Restate word for word the lines of the entries below, starting with the line that holds "Pink Gradient Polynesia" and ending with the line that holds "Avikalp MWZ0668 White", and no others.

Available data
::::

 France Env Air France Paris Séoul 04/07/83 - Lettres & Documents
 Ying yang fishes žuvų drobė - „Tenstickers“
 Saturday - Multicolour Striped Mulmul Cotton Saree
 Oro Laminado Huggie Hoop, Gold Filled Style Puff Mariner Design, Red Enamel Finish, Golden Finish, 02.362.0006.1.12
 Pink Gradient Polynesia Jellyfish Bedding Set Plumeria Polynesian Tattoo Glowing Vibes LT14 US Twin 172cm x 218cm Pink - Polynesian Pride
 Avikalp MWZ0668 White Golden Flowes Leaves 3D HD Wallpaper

::::

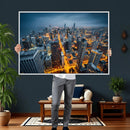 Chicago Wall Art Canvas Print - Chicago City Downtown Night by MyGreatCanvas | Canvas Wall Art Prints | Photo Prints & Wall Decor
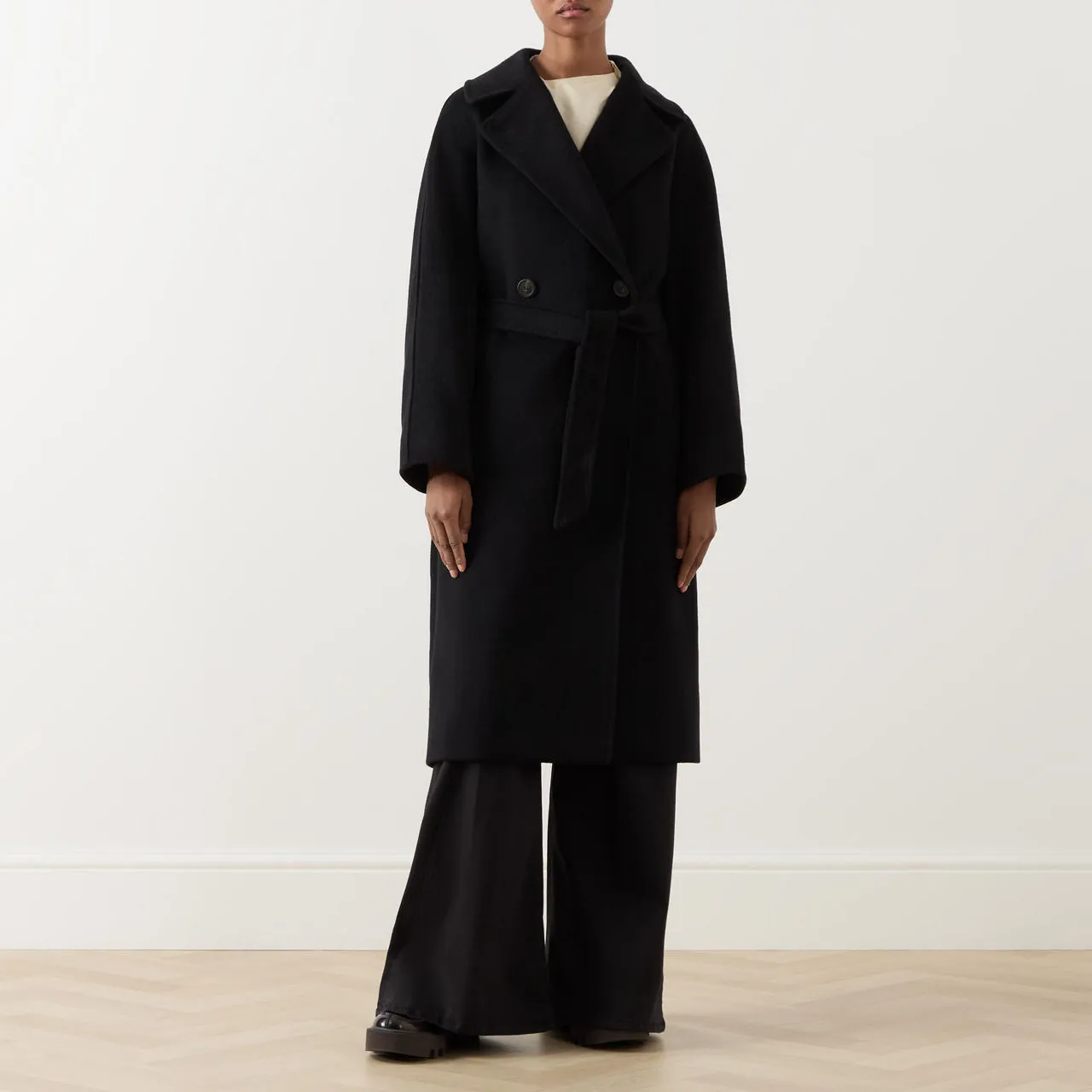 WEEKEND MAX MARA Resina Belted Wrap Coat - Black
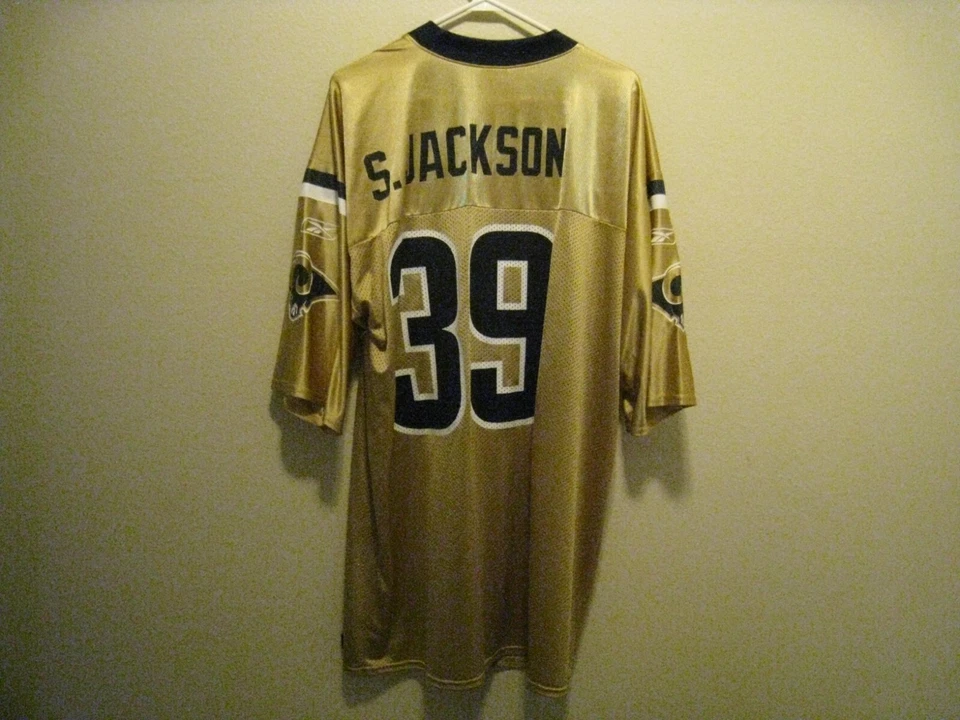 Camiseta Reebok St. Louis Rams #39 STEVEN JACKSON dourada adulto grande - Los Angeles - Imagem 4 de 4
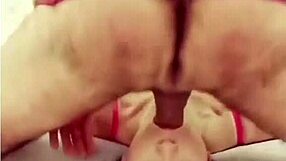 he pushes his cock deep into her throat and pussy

::::

Solved exercise
 Pink Gradient Polynesia Jellyfish Bedding Set Plumeria Polynesian Tattoo Glowing Vibes LT14 US Twin 172cm x 218cm Pink - Polynesian Pride
 Avikalp MWZ0668 White Golden Flowes Leaves 3D HD Wallpaper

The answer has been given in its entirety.